Let’s talk about cast. So many times do genre directors get great stars of the past to do a bit part where they just walk on and off. Just enough to wet the appetites of genre gourmands, giving them the opportunity to go, Oh look there’s so and so… Now Zombie does this too, and part of the hype built up beforehand was the massive list of former genre actors who where going to be part of this project. Some have gone missing completely (one can only hope for a special edition at some point so that we get to see Udo Kier - who starred in Michael Armstrong's seminal witch hunter movie The Mark of the Devil very early in his career, Clint Howard, Camille Keaton and the late Richard Lynch’s scenes). It is great to see Ken Foree work his magic, as it is the brief cameos of cult icons like Sid Haig and Michael Berryman. But the absolute delight - and possibly a huge part in why this film is sooo tainted with eighties horror atmosphere - is the coven of Witches. Judy Geeson, Patricia Quinn and Dee Wallace as you’d never expect to see them. Not forgetting Meg Foster. Holy screaming crap, that’s one creepy witch indeed and I’m totally sticking this performance as one of the greatest eerie antagonists in a long time.
It’s obvious that The Lords of Salem is a personal film. It’s also very obvious that this is a movie done in the precise way Rob Zombie wanted it to be made, and that can only be applauded – if nothing else it’s a rather delightful and somewhat unique little film he’s come up with.
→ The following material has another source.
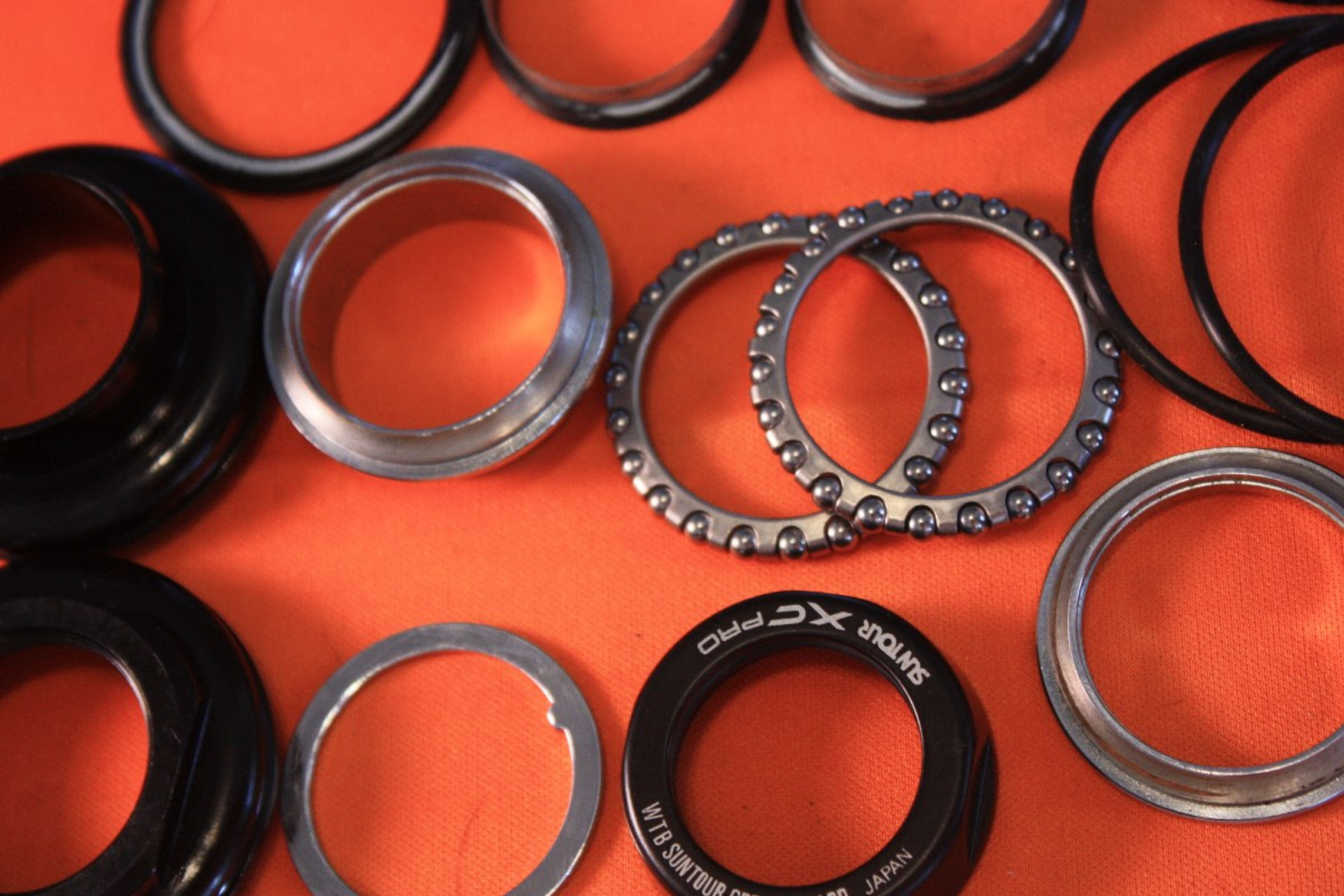 NOS Suntour XC Pro Headset 1 1/8" Threaded Black Grease Guard Bike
It has some great shocks, some awesome visuals a couple of delightful mind expanding moments and definitely tells a seductive and sinister story. The only bone I have to pick is the way Zombie tells stuff during the end credits that I’d have loved to see in a closing scene. I find that this would have taken the edge off the Psychedelic dreamy rock video montage that climaxes the movie and wrapped it up more in a conventional fashion. I dig the ending, but at the same time I find that spending so much time to establish the ordinary world, characters and the pending threat, I feel kind of snubbed when it finally comes – even if paint FX, nineties music video aesthetics and vector based CGI images may just become the next retro cool way to go!
The Lords of Salem is a rockin’ rollin’ flirt with witches, satanic cults and the fever dream genre moods of EuroGoth and classic old school horror! Rob Zombie has matured into a great filmmaker and a force to rely on.

The Lords of Salem is evoked on Swedish DVD ad Bluray release on the 17th of July!

1 comment:

R.Sterling Carody said...

Really glad to see another reviewer like this one. I made many similar points in my review of the film. I too think that this one will end up a cult classic.